Frank H, Globits S, Glogar D, Neuhold A, Kneussl M, Mlczoch J
Department of Cardiology, University of Vienna, Austria.
AJR Am J Roentgenol. 1993 Jul;161(1):27-31. doi: 10.2214/ajr.161.1.8517315.
A study was performed to determine the value of MR imaging in detecting pulmonary artery hypertension and in determining pulmonary artery pressure semiquantitatively.
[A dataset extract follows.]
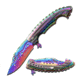 TAC Force Folding Blade, 3.75in, Stainless Steel Blade, Rainbow Titanium Stainless Steel Handle TF-864RB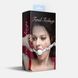Кляп силіконовий Feral Feelings Silicon Ball Gag White/White, білий ремінець, біла кулька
MR studies were performed in 23 patients with pulmonary artery hypertension to measure right ventricular function (right ventricular ejection fraction, end-diastolic and end-systolic volumes, stroke volume), right ventricular wall thickness, and the diameters of the great vessels. The findings were compared with similar MR measurements made in eight control subjects. The cause of the pulmonary hypertension was primary pulmonary hypertension (eight patients), combined mitral valve disease (five patients), dilative cardiomyopathy (four patients), chronic pulmonary embolism (four patients), atrial septal defect (one patient), and pulmonary fibrosis (one patient). MR studies were done on a 0.5-T magnet using a double-angulation projection (equivalent to a four-chamber view) with a multislice-multiphase spin-echo technique and a blood flow-sensitive fast gradient-echo sequence. Pulmonary artery pressures were verified by catheterization of the pulmonary artery.
In patients with pulmonary artery hypertension, MR imaging showed right ventricular enlargement with hypertrophy, right atrial enlargement, and abnormal septal motion. Fast gradient-echo images showed tricuspid regurgitation in all cases. In cases in which the mean pressures in the pulmonary artery were greater than 70 mm Hg, systolic slow-flow phenomena were detected. Linear correlations were seen between the mean pressure in the pulmonary artery and the end-diastolic thickness of the right ventricular wall (r = .83, p < or = .0001), the diameter of the inferior vena cava (r = .73, p < or = .0001), and the diameter of the main pulmonary artery (r = .48, p < or = .02).
Our results show that MR imaging is a useful noninvasive technique for the detection of pulmonary artery hypertension and for the semiquantitative assessment of pulmonary artery pressure.
进行一项研究以确定磁共振成像(MR成像)在检测肺动脉高压以及半定量测定肺动脉压力方面的价值。
对23例肺动脉高压患者进行MR研究,以测量右心室功能(右心室射血分数、舒张末期和收缩末期容积、每搏输出量)、右心室壁厚度以及大血管直径。将结果与8名对照者的类似MR测量结果进行比较。肺动脉高压的病因包括原发性肺动脉高压(8例)、二尖瓣疾病合并症(5例)、扩张型心肌病(4例)、慢性肺栓塞(4例)、房间隔缺损(1例)和肺纤维化(1例)。MR研究在0.5T磁体上进行,采用双角度投影(相当于四腔心视图),使用多层多期自旋回波技术和血流敏感快速梯度回波序列。通过肺动脉插管验证肺动脉压力。
在肺动脉高压患者中,MR成像显示右心室扩大伴肥厚、右心房扩大以及室间隔运动异常。快速梯度回波图像在所有病例中均显示三尖瓣反流。在肺动脉平均压力大于70mmHg的病例中,检测到收缩期慢血流现象。肺动脉平均压力与右心室壁舒张末期厚度(r = 0.83,p≤0.0001)、下腔静脉直径(r = 0.73,p≤0.0001)和主肺动脉直径(r = 0.48,p≤0.02)之间存在线性相关性。
我们的结果表明,MR成像是检测肺动脉高压和半定量评估肺动脉压力的一种有用的非侵入性技术。